198 Miles

Sunday, January 15

Passing Through


“There are consequences for life.”

This my mom says over the phone as I sit outside my house on Friday afternoon. It’s a tense conversation because we are trying to work together to map out the direction of a fast-approaching future—am I coming home for the summer, where am I working, who am I—but I’m not willing to commit to anything yet. Everything holds possibility and that responsibility is stressing me out. I can feel it like Velcro: the hard, scratchy side warm in my palm, waiting for contact with its softer counterpart. Unattached Velcro is desire, materialized. Desire, wrapped up in waiting—a product of the time line we are born into.  I am quiet until I sigh, saying,
“I know, mom.”
            “No, I don’t think you do.” She says.

Today Tate built a fort in our living room. We called the boys over and cacooned ourselves inside it while Trifon read us short stories found on Google.  One story about a small town ghost, one about a certain Dr. Panini; mad scientist PHD. Google is an excellent holding room for second-rate literature. We made waffles and opened a bottle of wine and held a double feature on my computer. The movies watched: Wrist Cutters and Mr. Nobody. I recommend both.

Brad tells us of a dream he had once. In it he is a soldier, an officer of some rank. There are people testing dynamite, they use a door to keep the flame from reaching the pile of explosives. As Brad keeps watch over them, directing them in their duties, the people began to disappear. One after another they saunter off into dream-darkness. Brad is very nervous—there is no longer anyone to keep the flame from reaching the dynamite.
“Fine!” He yells,
“We’re all going to die!”
Exhausted, anxious, he wakes up in his own bed, drenched with the need to pee.

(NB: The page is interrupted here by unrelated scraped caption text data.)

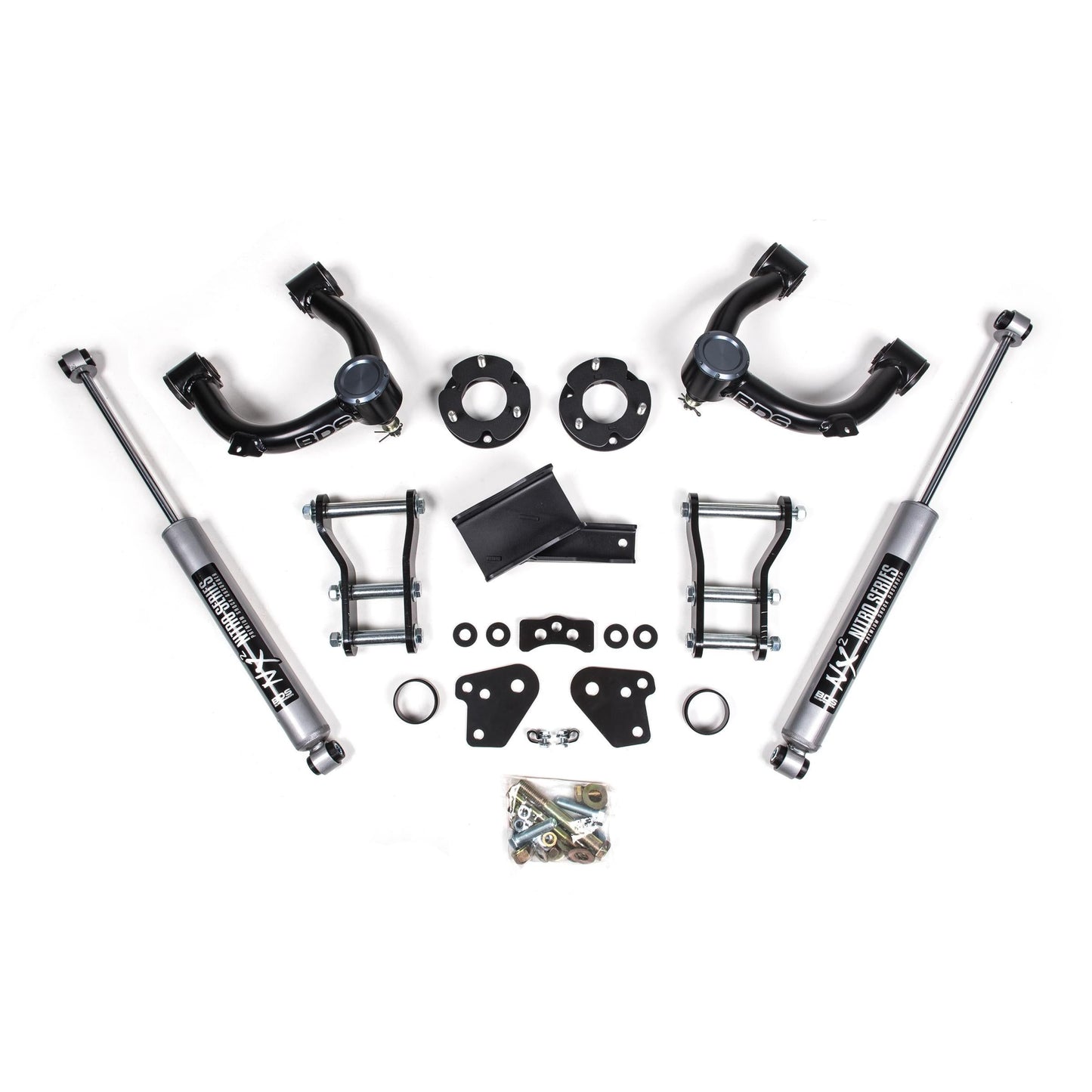 BDS Suspension | 3.5 Inch Lift Kit Ford Ranger 19-23 4WD Cast Steel Fox 2.0 Performance Shocks | BDS1906FS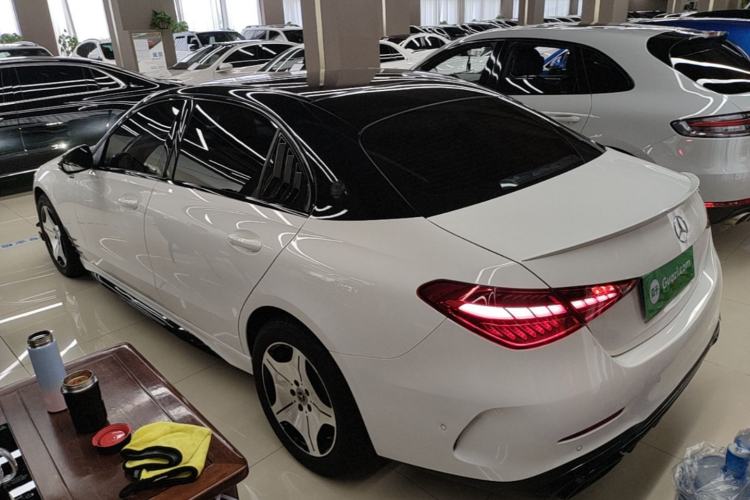 Used Mercedes-Benz C-Class 2022 C 200 L Sport Edition Rear Left 45 Deg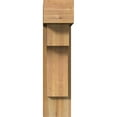 thumbnail image 2 of Ekena Millwork 8"W x 20"D x 32"H Westlake Block Rough Sawn Bracket w/ Offset Brace, Western Red Cedar, 2 of 25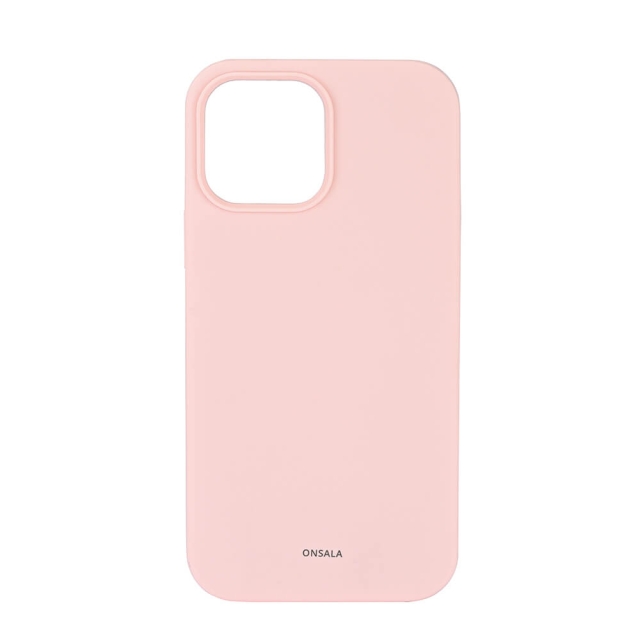 Onsala Mobilskal Silikon Chalk Pink - iPhone 13 Pro Max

Terror blocks in the emotions of the dream as Brad faces the decision. If he runs to through his door to the bathroom, he risks breaking what his mind is telling him is the only thing keeping his house from violently exploding. Or, if he chooses to not move, Brad wets the bed. We all laugh when he says he chooses to risk the explosion. No thing is worse than a wet bed.

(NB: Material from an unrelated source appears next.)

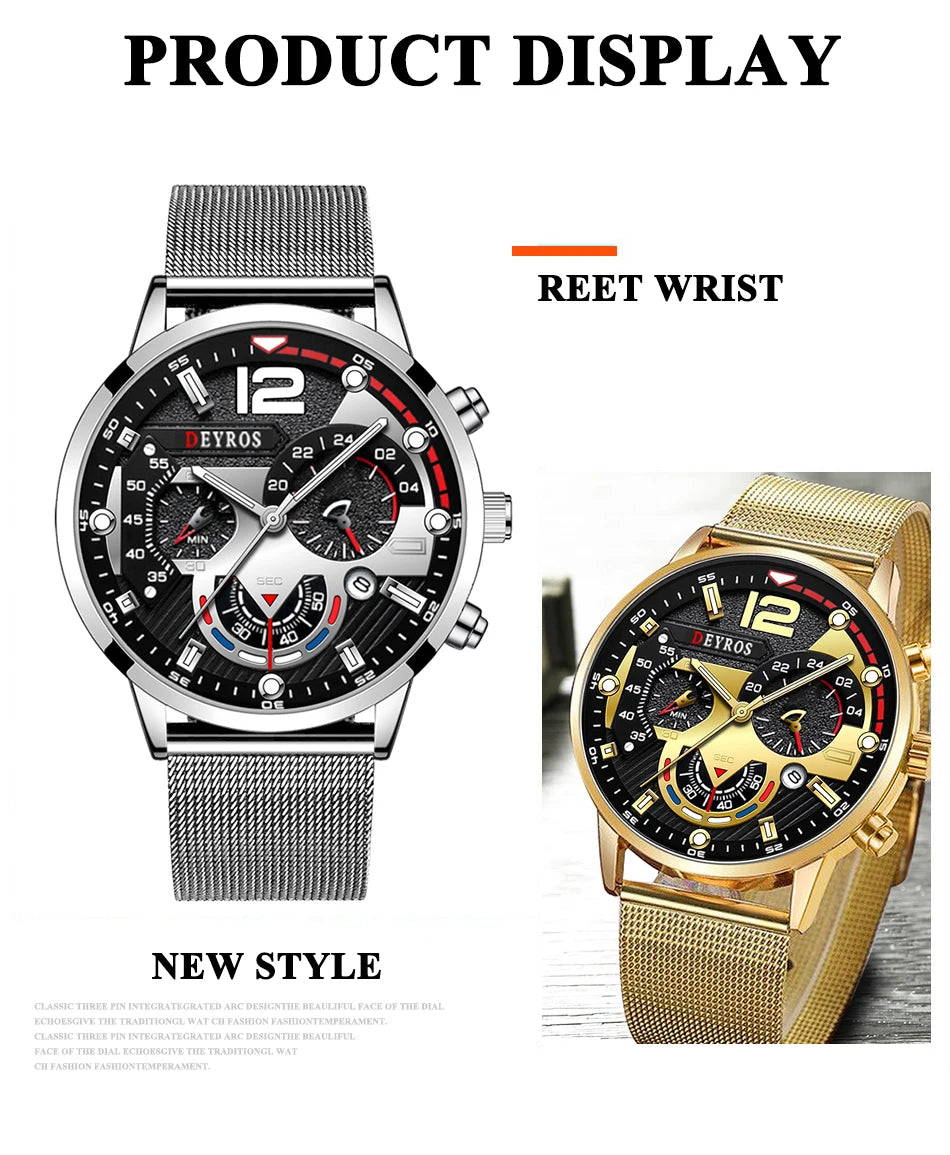 Fashionable Men's Business Watches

I am caught off guard. I feel unbelievably connected to the moment of choice roiled in fear and confusion that Brad described. It’s a threshold moment that lately I feel often. It’s where we pause to size up the outside world against our own inscape, deem our self insufficient against the odds and our end imminent, yet move on anyways.

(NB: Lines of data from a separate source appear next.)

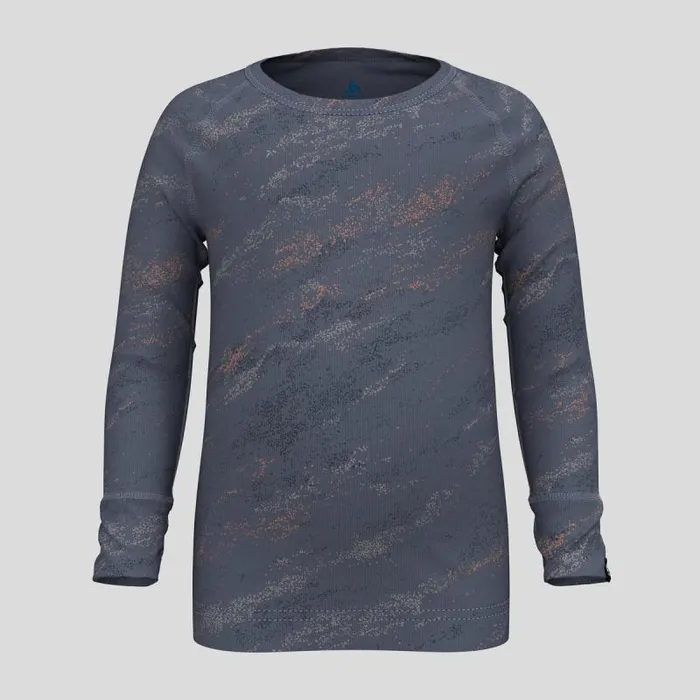 Odlo Base Layers The Active Warm Base Layer Top Folkstone Gray 8211 Kids
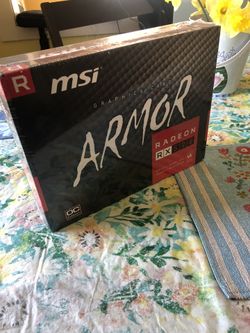 GPU GRAPHICS CARD, MSI Rx 570!!!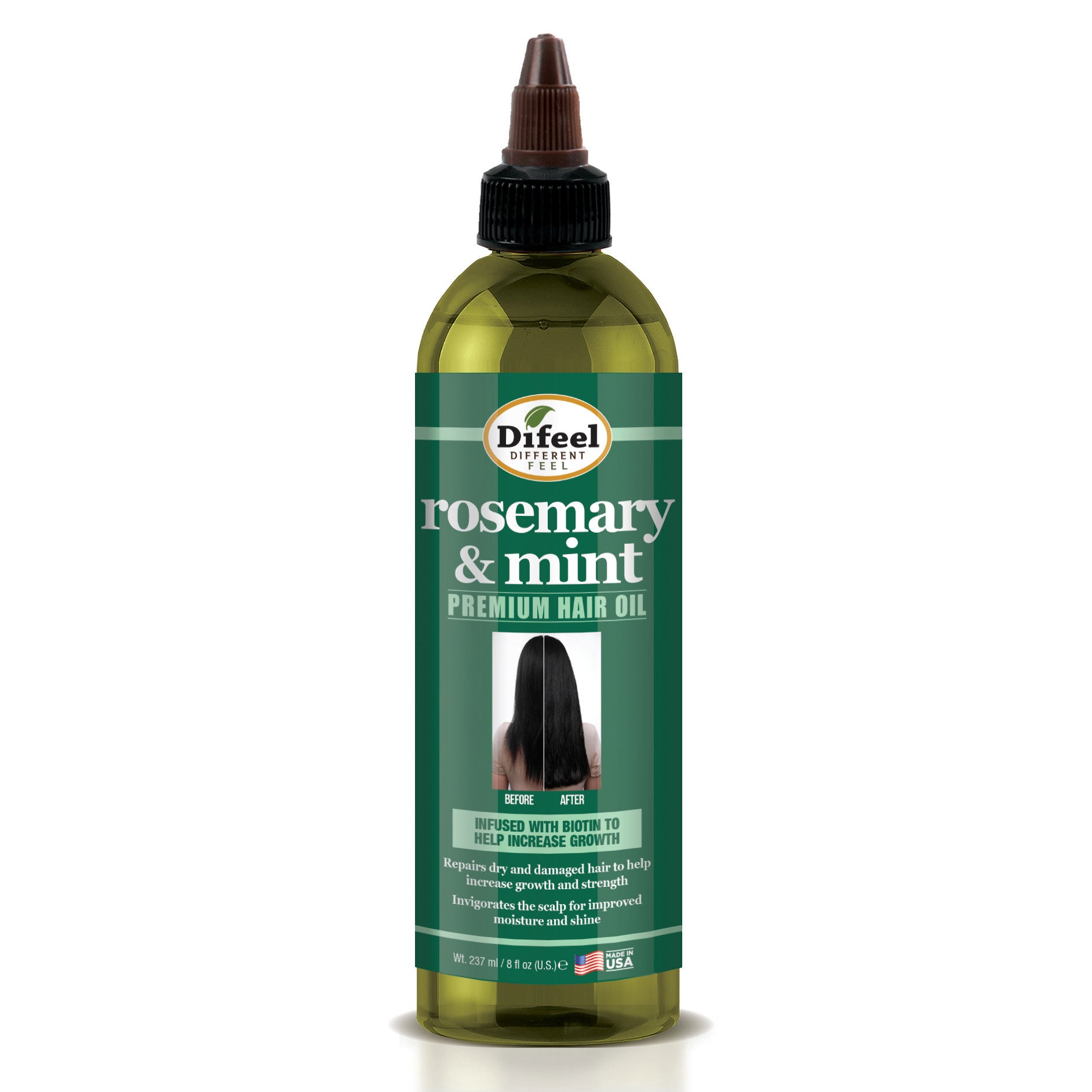 Difeel Rosemary and Mint Premium Hair Oil 8 oz.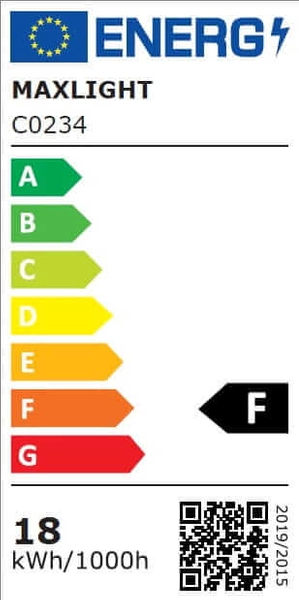 Nasufitowa lampa Duo C0234 LED 18W 3000K okrągła biała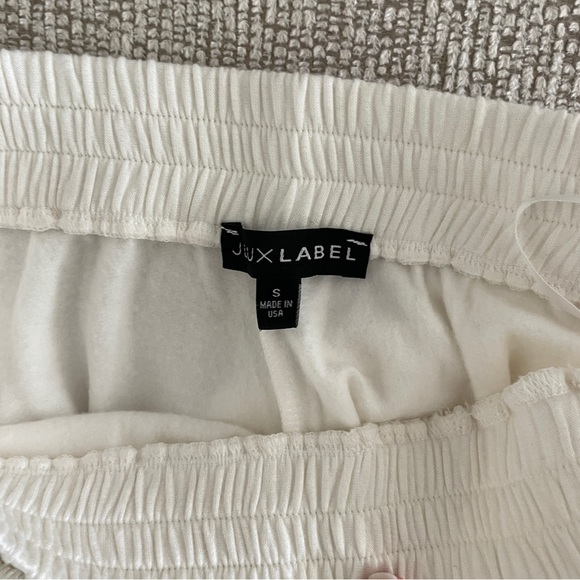 Jlux white fleece joggers - Picture 6 of 6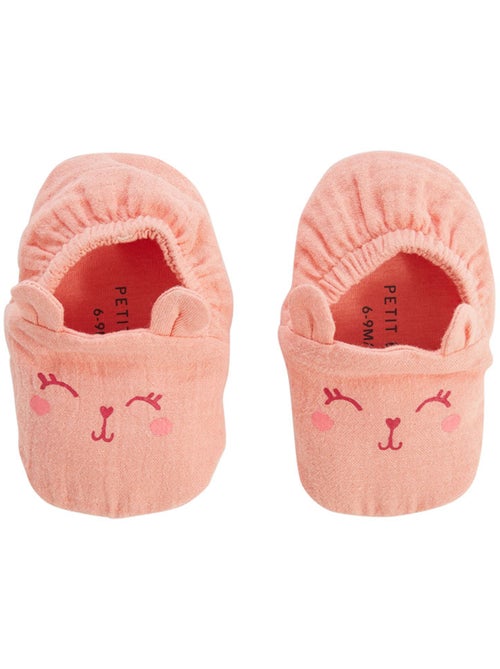 Chaussons b?b? en gaze de coton Santa Giulia - Kiabi Chaussons b?b? en gaze de coton Santa Giulia - Kiabi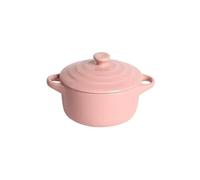 La olla suplementaria de cerámica con tapa es fresca, exquisita y práctica para uso doméstico, nido de sopa, color rosa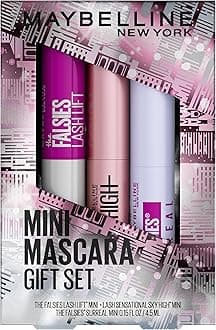 MAYBELLINEMini Mascara Set - Includes Falsies, Sky High & Lash Lift Mascaras in Blackest Black, 1 Mini Makeup Set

The threshold moment can last forever.

There are consequences here, and deep fears that predate self-awareness. Nightly I pass through these thresholds, doorways of final existences and of making peace with life and the end of it. But then I choose to finally sleep or accept death and am through the door completely. Waking up I find myself the same, or at least still whole—physically unharmed. Deep breathing and a filtering sunrise distills my terror. I have returned to the morning, and downstairs my housemates are making waffles for breakfast.

1 comment:

Hailey said...

Mmmm. I see your words, I reverberate with their intonations & I note that you have ridden the consequential reactions of your whole life so far with good grace & being. I hear you laughing downstairs: may your threshold crossing be blessed (and how could it not be?)